> **YOUR TASK**:
Once the line with "Coldwater Creek Bold" is found in the entries below, repeat it and each following line exactly, up to and including the line with "French Style Dresses". Add no other lines.

> **EXTRACTED ENTRIES**:

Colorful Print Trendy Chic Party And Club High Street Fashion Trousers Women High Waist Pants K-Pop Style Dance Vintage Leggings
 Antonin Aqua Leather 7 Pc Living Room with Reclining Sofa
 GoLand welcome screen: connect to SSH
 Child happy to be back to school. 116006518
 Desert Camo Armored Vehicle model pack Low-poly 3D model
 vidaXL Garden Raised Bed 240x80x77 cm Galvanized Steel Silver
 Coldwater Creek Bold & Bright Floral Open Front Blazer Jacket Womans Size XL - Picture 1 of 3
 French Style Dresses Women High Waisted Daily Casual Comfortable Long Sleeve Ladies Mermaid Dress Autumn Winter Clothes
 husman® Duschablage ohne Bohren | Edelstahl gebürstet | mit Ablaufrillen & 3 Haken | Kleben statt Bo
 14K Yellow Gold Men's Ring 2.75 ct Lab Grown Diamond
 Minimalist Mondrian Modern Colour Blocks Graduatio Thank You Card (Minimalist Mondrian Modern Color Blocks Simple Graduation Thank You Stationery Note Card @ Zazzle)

> **OUTPUT OF THE TASK**:
 Coldwater Creek Bold & Bright Floral Open Front Blazer Jacket Womans Size XL - Picture 1 of 3
 French Style Dresses Women High Waisted Daily Casual Comfortable Long Sleeve Ladies Mermaid Dress Autumn Winter Clothes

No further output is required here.